Though Thing 1 and Thing 2 started eating something resembling solid food at nine months, and were more into the real deal in the course of year two, there was a big trade-off in how difficult it was to feed them. We didn't have to make as many bottles of formula or clean as many bottles, or make as many frantic late-night trips to the 24-hour drugstore for cans of the stuff (until we discovered ordering it by mail). And praise the gods of toddlerhood, they could actually hold their bottles by themselves; I'll never forget the hand cramps I got trying to feed two babies in side-by-side bouncy seats, holding up two bottles. But eating jarred babyfood wasn't a quick transition. Different pureed foods have to be introduced gradually, over the course of weeks, to make sure there are no allergic reactions. You've gotta keep track of how much they're eating, of which kid likes what fruit or veggie, or mashed up meat (we didn't do a lot of mashed up meat at first; it's about as gross as it sounds). And then there was the scrutinizing of labels and hunting down the natural or organic brands, and what to do when three grocery stores were simultaneously out of HER favorite, the butternut squash and pear mixture. (What to do? Panic. Because I wasn't about to make my own mashed up baby food. Sue me now, oh holier than thou moms who have time for that.) Finally, there was the mess, which was not to be believed. Or rather, the messes. The messes on their faces, clothes (despite flexible, washable bibs with spillage pockets on the bottom), and their high chairs. Our valiant nanny at the time dealt with most of the actual chair clean-up -- how did they grind green pea puree into the harness straps? -- while I usually handled the plastic snap-on trays. But somehow, even with a big plastic splat mat beneath the high chairs, the cleaning up seemed unceasing. If I could have hosed down the dining room -- and kids -- after mealtimes, I would have.

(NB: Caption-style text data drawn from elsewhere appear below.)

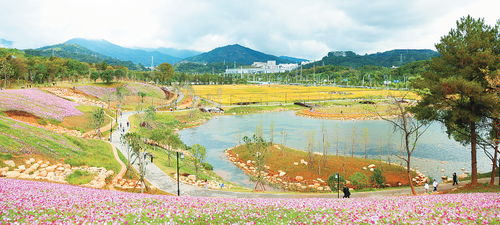 合肥市苗木产业的美好愿景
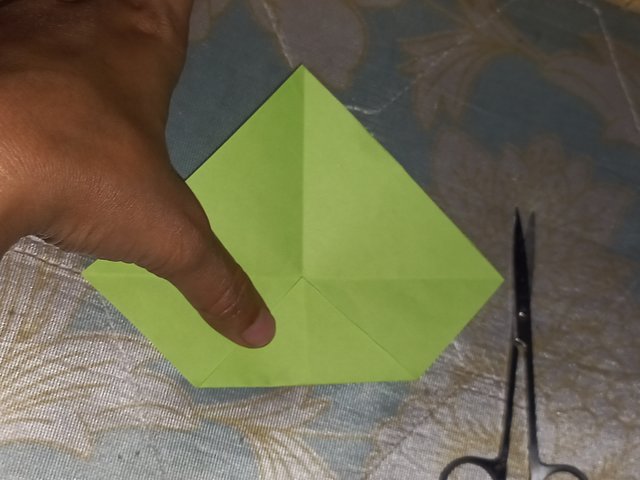 20250512_195530.jpg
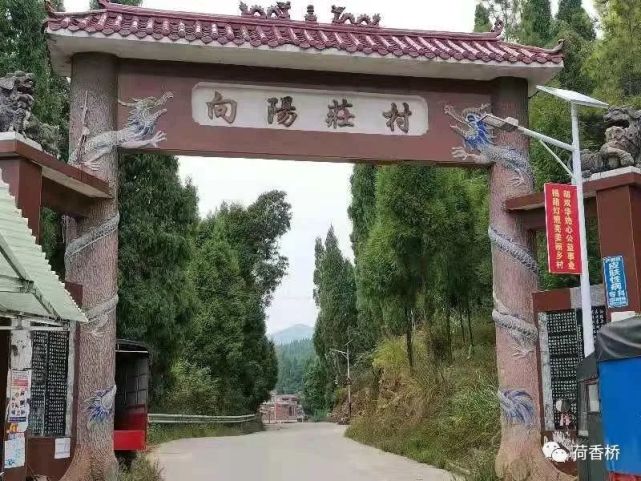 我的家乡 天马山村 天马山村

Then there were the first steps. Twins sometimes walk later than "singletons," perhaps on account of so many of them being born early (as mine were). Though they were holding themselves upright in their cribs for some time before, it took until fifteen months for her, and sixteen for him, to really be perambulating around the house. He was more of a klutz, but had a good attitude: falling down was more likely to induce giggles than howls.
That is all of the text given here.